Pre-heat the oven to 350. Salt and pepper the roast. On the stove top, add olive oil to a dutch oven and brown the roast on all sides, about five minutes. Take the roast out of the dutch oven and add the onions and cook until softened about seven minutes add the garlic and cook until the kitchen has that great smell. Add the roast, the wine, a bay leaf and the thyme to the dutch oven and let it simmer a few minutes. Put the dutch oven in the oven and cook for hour and half. Add the carrots and potatoes and cook for another hour.

See how easy that is? Definitely a meal that makes you feel at home. The pot roast came out perfect!! You don't even need a knife to cut the meat. The carrots and potatoes were perfectly cooked and helped make the meal. This is something I will cook over and over again!!

The Wine 
So I always say drink the wine you cook with. It makes for an easy pairing. As you know from past posts I don't cook with anything I wouldn't drink. Tonight's wine was The Immortal Zinfandel from Peirano Estate.

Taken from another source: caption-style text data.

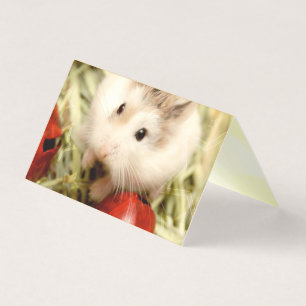 Hammyville - Cute Hamster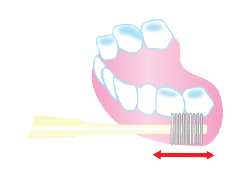歯を磨くのと同様に横磨きをするだけで、十分なマッサージ効果が得られます。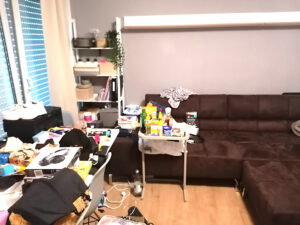 Aufgeräumtes Wohnzimmer mit braunem Sofa, weißen Kissen, Regal und Esstisch in harmonischen Farben.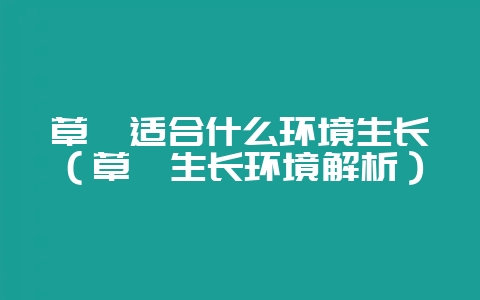 草莓适合什么环境生长（草莓生长环境解析）-会东网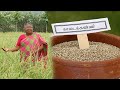 1 கிலோ 450 500 ரூபாய் வரை விறபனையாகும் காட�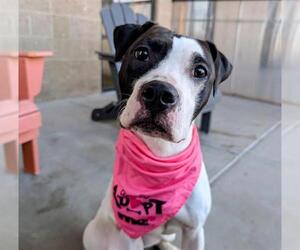 American Pit Bull Terrier-Bull Terrier Mix Dogs for adoption in Denver, CO, USA
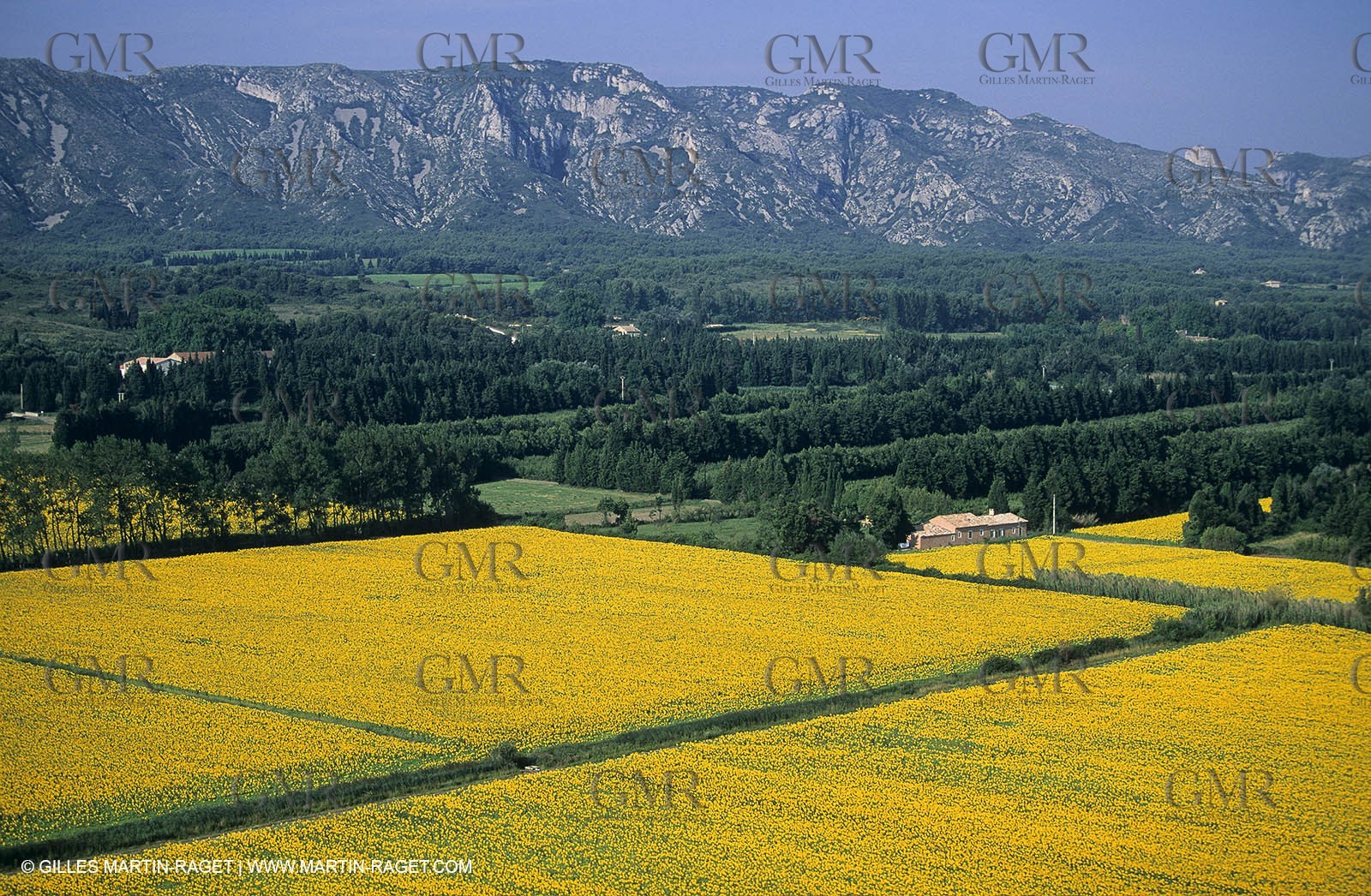 Alpilles (FRA,13) - Sunflower fields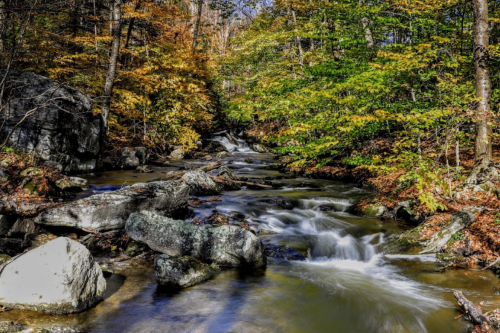 A serene stream flows through a forest with autumn foliage, featuring rocks and vibrant leaves in warm colors.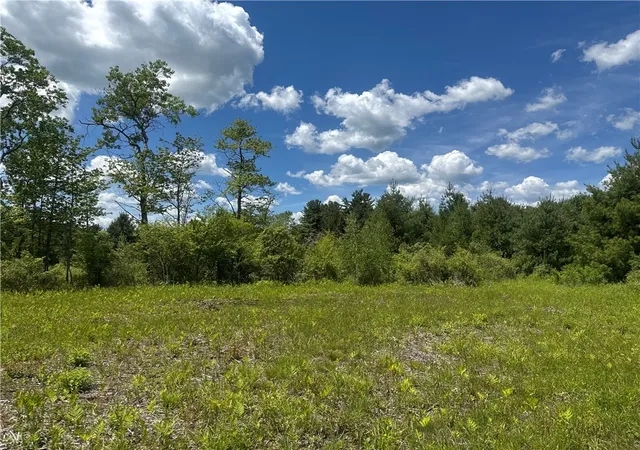 38th image of 2295 State Hwy 206, Coventry, NY 13778 | MLS# R1701375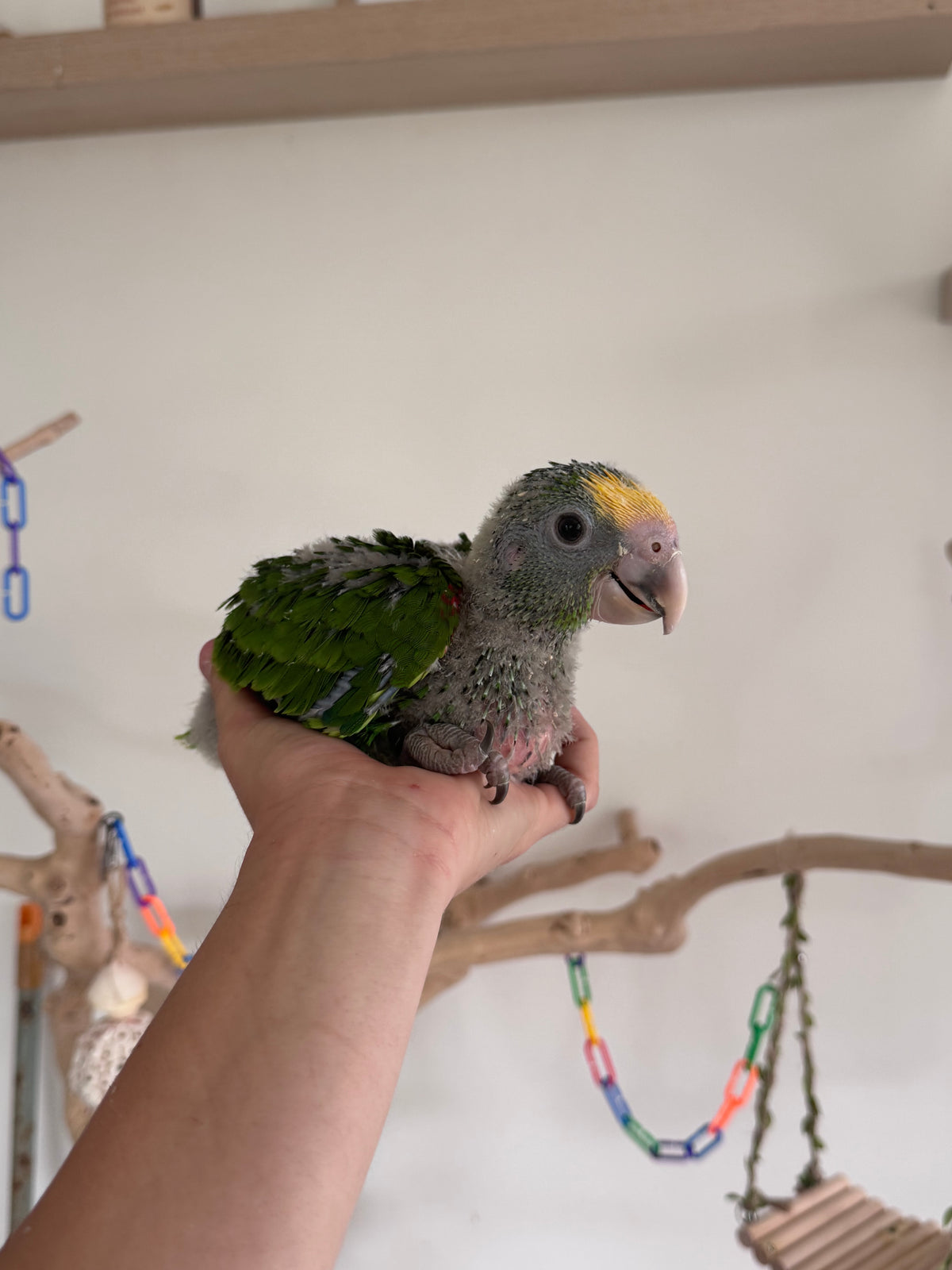 Double Yellow Headed Amazon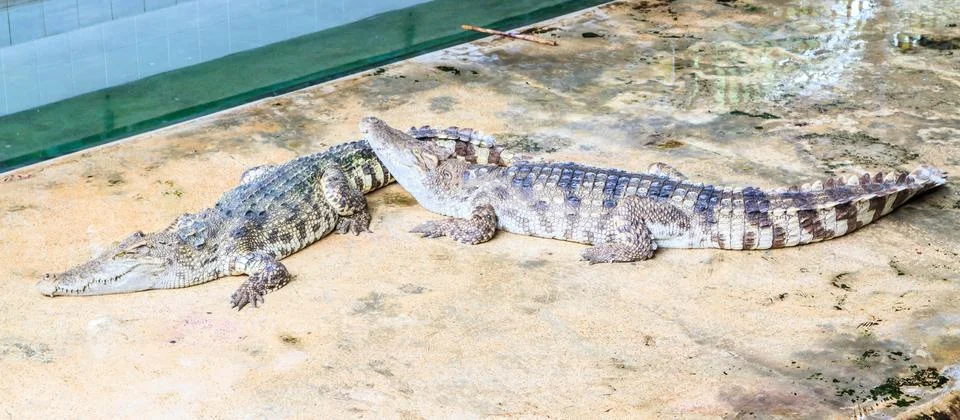 Two crocodiles Stock Photos
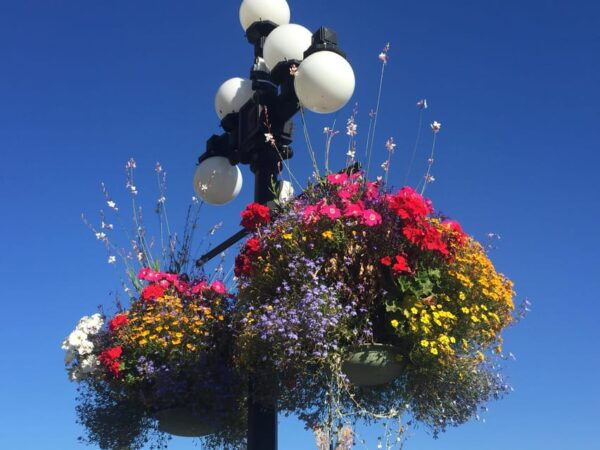 Victoria, BC: City Tour and Butchart Gardens Combo Tour - Restrictions and Requirements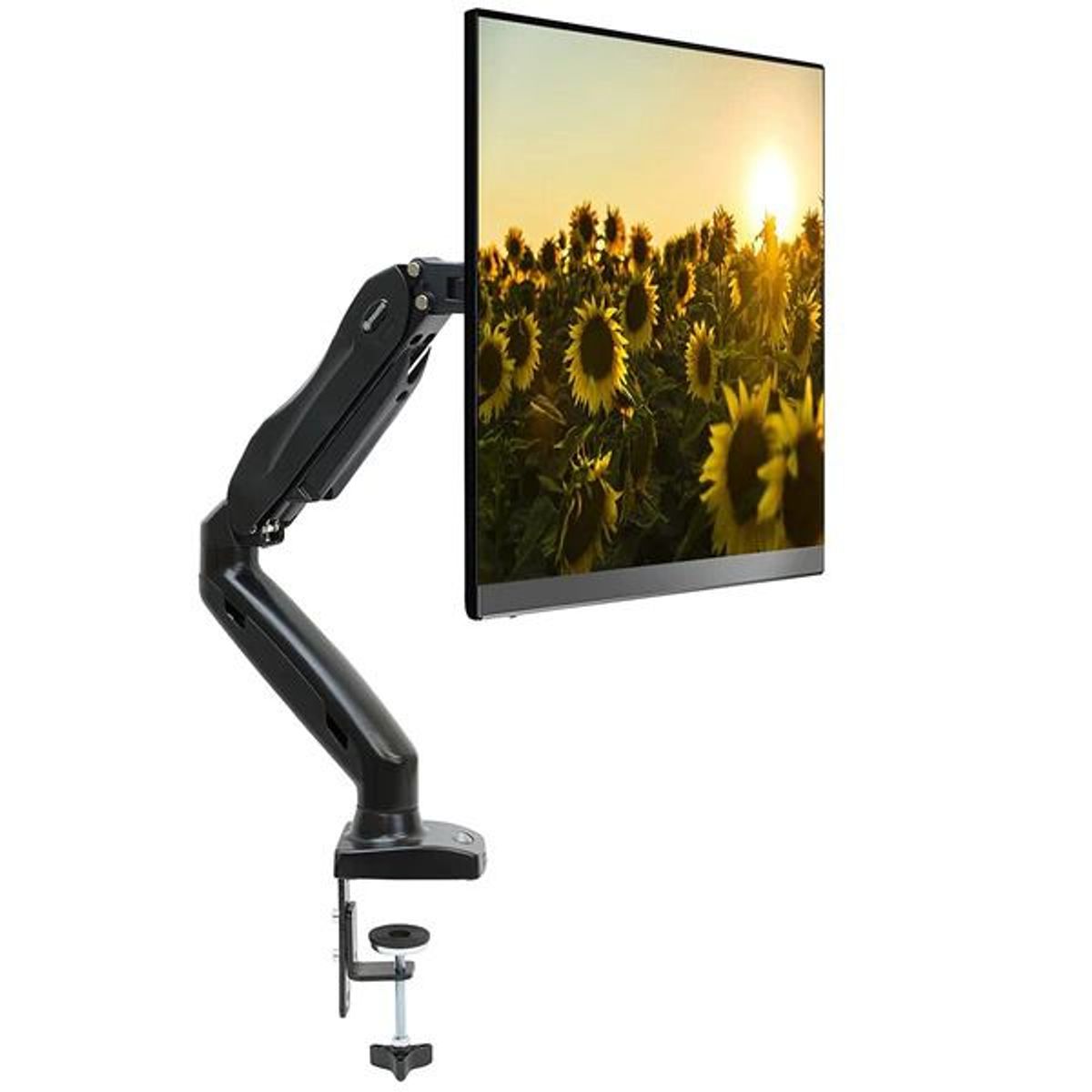 GENERICO - MONTECH - Rack Soporte Para Monitor 13 a 27 Pulg - Gas Spring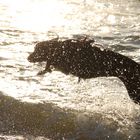 zieter beim sprung in der Nordsee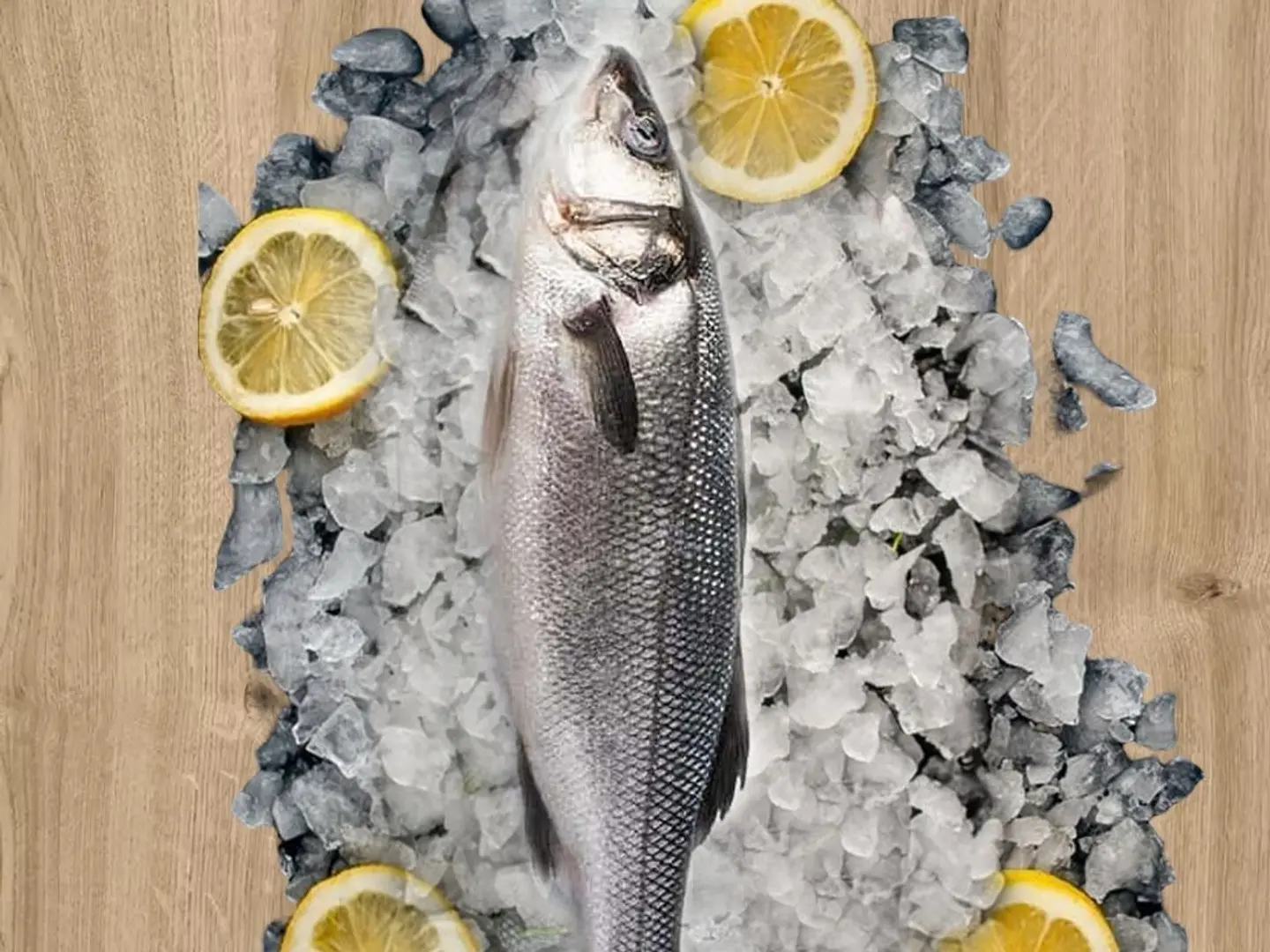 قاروص 700 جرام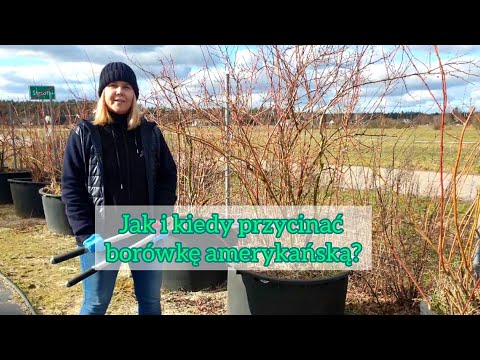 Jak i kiedy przycinamy borówki amerykańskie?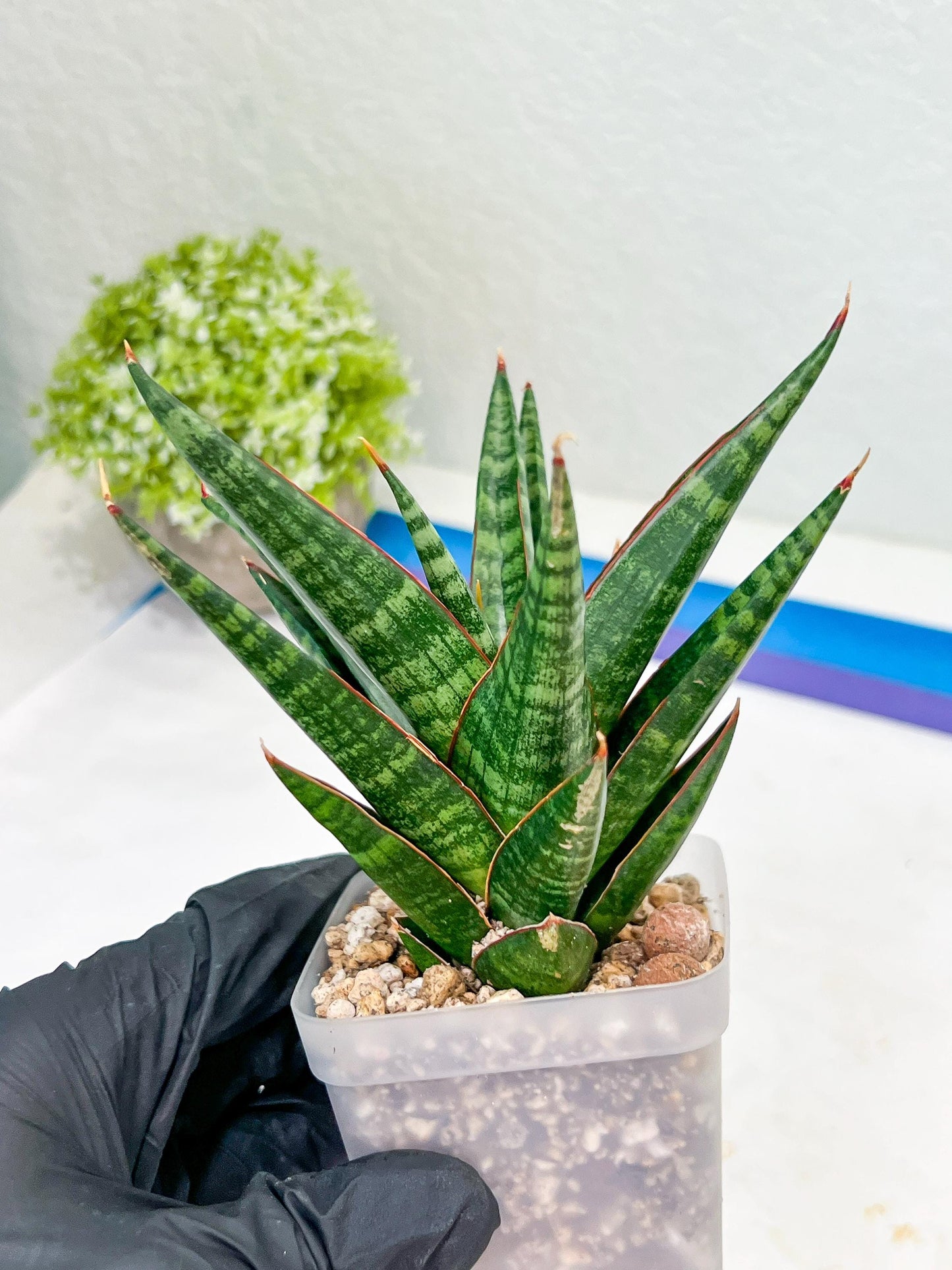 Sansevieria Roro Kidul (#Ba39) | Imported Plants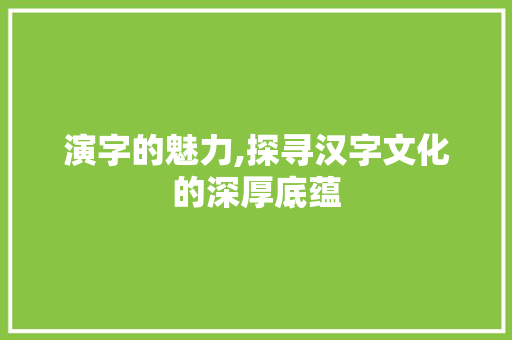 演字的魅力,探寻汉字文化的深厚底蕴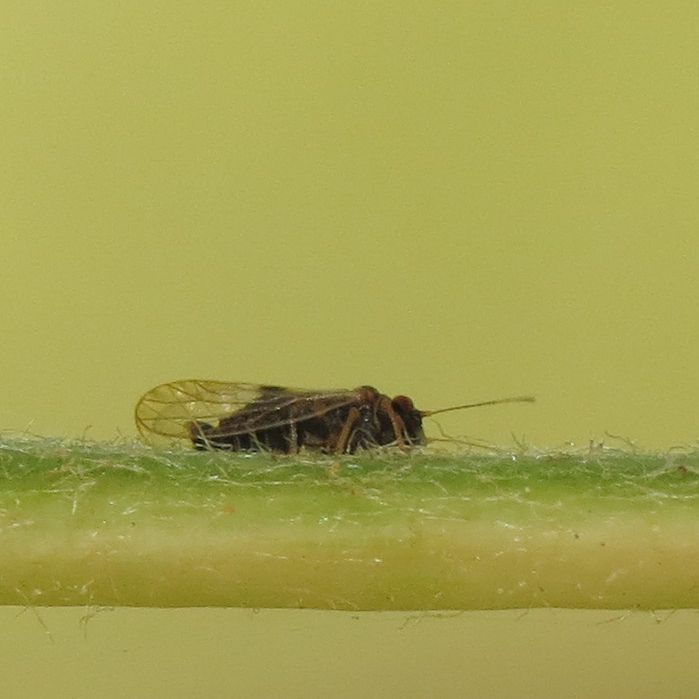 Cacopsylla pyricola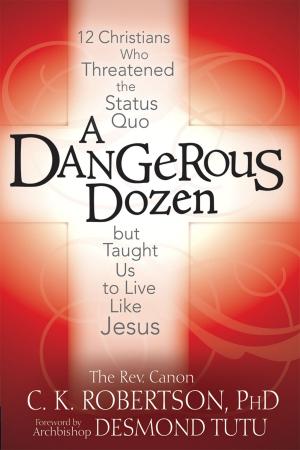 Cover of the book A Dangerous Dozen by Anna Maria Horner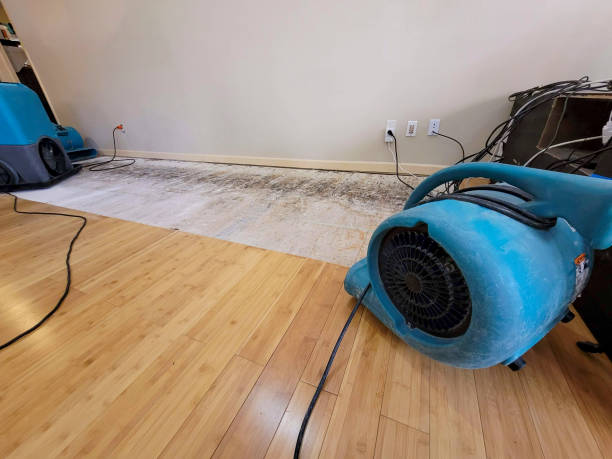 Professional Water Removal technician working in Waterboro, ME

I never have been a huge fan of Zinfandel until I tried this wine. It comes from the oldest vines that are on their original root stock in the US. They are about 113 years old. But how can that be? Original root stock? Wasn't there a bad out break of Phylloxera? If you don't know what Phylloxera are, they are tiny bugs that attack grape vines. They were brought to the world when the US exported local grape varieties to Europe. The wild grape vine of North America had 1000 of years to evolve to become immune to these pests, but the wine grapes vines of Europe were at major risk. The pest nearly wiped out the French industry and put a major hurt to the rest of Europe and eventually the WORLD. Chile is the only country that claims to never have had Phylloxera. People finally figured if you graphed the american root stock to the wine vines then the Phylloxera were harmless. This all happened about 120-130 years ago, so how could Peirano have vines on their original root stock. Peirano Estates is located in Lodi California and the soil is really sandy. Phylloxera can not live in sandy soil.

The older the vine the harder it is for the vine to create the fruit. So the fruit is smaller and more concentrated in flavor. It not is not uncommon to get three, four even five tons of grapes per an acre. The older the vine the less fruit they can produce per an acre down to one maybe two tons per acre. This wine is divine!! From the second it is HAND picked, they treat the grapes with white gloves. The wine has great aromas of spicy cherries and earthy red fruit. The palate doesn't disappoint either with its sweet cherries, strawberries and spicy cocoa. This Zinfandel is a wine that any wine lover would enjoy. Even people that usually dislike Zin, like myself.